--- Dataset extract ---

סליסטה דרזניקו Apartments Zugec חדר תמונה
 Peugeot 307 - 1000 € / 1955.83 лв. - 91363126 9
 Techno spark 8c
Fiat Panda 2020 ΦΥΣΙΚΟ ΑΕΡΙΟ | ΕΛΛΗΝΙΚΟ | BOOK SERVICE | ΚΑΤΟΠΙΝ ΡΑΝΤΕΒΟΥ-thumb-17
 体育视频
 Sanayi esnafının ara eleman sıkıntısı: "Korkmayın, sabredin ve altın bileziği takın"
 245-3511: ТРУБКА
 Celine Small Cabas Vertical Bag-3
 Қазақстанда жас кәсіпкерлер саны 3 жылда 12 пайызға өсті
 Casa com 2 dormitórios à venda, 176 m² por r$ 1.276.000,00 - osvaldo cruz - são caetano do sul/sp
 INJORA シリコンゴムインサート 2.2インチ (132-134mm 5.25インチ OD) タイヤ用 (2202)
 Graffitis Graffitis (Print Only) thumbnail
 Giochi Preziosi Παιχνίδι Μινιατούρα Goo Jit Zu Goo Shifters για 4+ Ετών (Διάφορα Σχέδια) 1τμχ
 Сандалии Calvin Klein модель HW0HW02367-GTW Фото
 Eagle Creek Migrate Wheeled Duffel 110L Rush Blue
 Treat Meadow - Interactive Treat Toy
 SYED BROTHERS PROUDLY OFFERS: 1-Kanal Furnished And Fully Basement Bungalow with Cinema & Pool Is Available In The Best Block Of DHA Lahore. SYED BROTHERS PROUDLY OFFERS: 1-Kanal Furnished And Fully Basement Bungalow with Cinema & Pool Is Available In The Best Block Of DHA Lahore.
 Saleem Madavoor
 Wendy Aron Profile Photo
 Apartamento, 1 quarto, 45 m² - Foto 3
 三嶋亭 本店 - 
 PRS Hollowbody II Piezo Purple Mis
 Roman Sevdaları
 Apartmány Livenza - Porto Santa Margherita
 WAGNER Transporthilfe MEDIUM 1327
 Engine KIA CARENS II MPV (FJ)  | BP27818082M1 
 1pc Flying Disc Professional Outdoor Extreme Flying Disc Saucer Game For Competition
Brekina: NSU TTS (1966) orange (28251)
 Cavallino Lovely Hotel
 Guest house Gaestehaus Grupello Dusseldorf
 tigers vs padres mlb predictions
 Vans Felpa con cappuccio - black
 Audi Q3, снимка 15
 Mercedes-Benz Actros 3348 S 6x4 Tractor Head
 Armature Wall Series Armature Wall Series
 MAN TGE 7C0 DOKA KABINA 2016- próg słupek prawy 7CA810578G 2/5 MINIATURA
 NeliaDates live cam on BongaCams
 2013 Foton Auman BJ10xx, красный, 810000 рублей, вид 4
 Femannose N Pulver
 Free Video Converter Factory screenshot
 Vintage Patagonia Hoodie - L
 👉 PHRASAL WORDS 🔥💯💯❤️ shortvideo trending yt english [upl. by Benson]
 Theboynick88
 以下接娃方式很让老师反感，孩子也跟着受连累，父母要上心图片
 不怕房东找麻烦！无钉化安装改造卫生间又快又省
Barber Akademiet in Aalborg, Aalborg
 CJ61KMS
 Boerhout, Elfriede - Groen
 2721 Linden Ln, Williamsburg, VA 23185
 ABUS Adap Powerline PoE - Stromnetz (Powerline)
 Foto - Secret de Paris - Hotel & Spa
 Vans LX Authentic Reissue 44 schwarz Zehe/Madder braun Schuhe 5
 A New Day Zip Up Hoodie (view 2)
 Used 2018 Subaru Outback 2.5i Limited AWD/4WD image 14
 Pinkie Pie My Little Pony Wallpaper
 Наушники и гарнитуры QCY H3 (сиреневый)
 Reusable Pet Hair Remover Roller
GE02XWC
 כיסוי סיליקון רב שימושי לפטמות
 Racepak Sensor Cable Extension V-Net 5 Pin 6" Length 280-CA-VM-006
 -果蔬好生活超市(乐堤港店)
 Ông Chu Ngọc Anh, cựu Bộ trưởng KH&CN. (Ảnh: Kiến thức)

---

Which lines run from the one containing "Free Video Converter Factory screenshot" through the end of the material? Output exactly those lines and no others.

# Task result:
 Free Video Converter Factory screenshot
 Vintage Patagonia Hoodie - L
 👉 PHRASAL WORDS 🔥💯💯❤️ shortvideo trending yt english [upl. by Benson]
 Theboynick88
 以下接娃方式很让老师反感，孩子也跟着受连累，父母要上心图片
 不怕房东找麻烦！无钉化安装改造卫生间又快又省
Barber Akademiet in Aalborg, Aalborg
 CJ61KMS
 Boerhout, Elfriede - Groen
 2721 Linden Ln, Williamsburg, VA 23185
 ABUS Adap Powerline PoE - Stromnetz (Powerline)
 Foto - Secret de Paris - Hotel & Spa
 Vans LX Authentic Reissue 44 schwarz Zehe/Madder braun Schuhe 5
 A New Day Zip Up Hoodie (view 2)
 Used 2018 Subaru Outback 2.5i Limited AWD/4WD image 14
 Pinkie Pie My Little Pony Wallpaper
 Наушники и гарнитуры QCY H3 (сиреневый)
 Reusable Pet Hair Remover Roller
GE02XWC
 כיסוי סיליקון רב שימושי לפטמות
 Racepak Sensor Cable Extension V-Net 5 Pin 6" Length 280-CA-VM-006
 -果蔬好生活超市(乐堤港店)
 Ông Chu Ngọc Anh, cựu Bộ trưởng KH&CN. (Ảnh: Kiến thức)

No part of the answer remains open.